--- Entries supplied ---

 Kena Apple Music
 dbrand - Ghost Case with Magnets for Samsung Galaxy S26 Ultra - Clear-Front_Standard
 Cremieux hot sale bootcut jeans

---
--- Entries supplied ---

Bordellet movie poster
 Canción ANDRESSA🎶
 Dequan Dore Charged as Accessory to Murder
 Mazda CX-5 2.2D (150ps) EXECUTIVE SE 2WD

---
--- Entries supplied ---

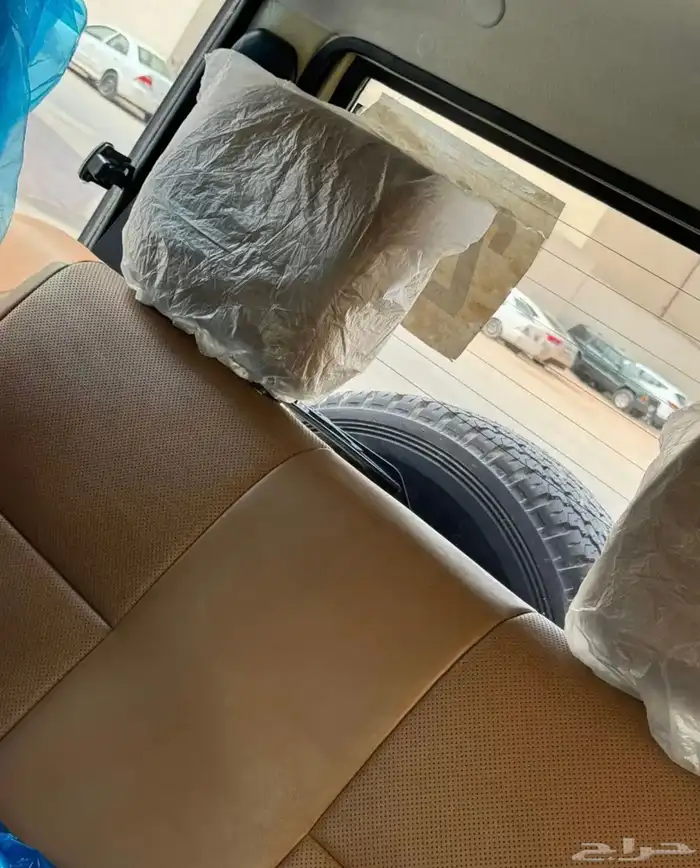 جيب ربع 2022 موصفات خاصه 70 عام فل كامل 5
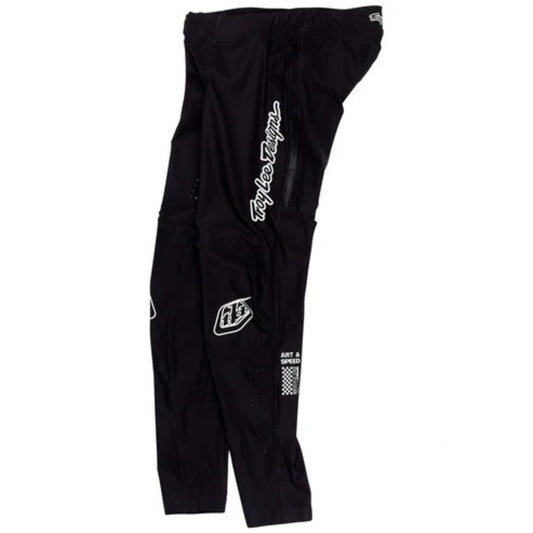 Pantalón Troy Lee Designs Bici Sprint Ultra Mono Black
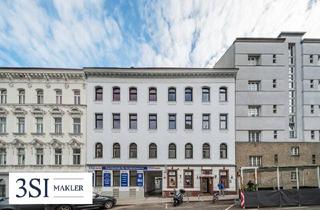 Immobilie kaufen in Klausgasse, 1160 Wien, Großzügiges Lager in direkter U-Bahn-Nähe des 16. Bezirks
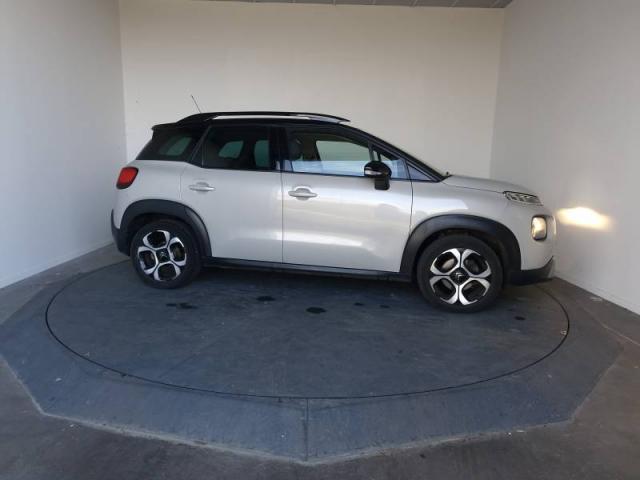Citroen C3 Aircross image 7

---

**Assignment**
In the entries above, find the line holding "Kena Apple Music" and the line holding "Cremieux hot sale bootcut jeans", then retype exactly those two lines and every line between them, and nothing else.

**Expected answer**
 Kena Apple Music
 dbrand - Ghost Case with Magnets for Samsung Galaxy S26 Ultra - Clear-Front_Standard
 Cremieux hot sale bootcut jeans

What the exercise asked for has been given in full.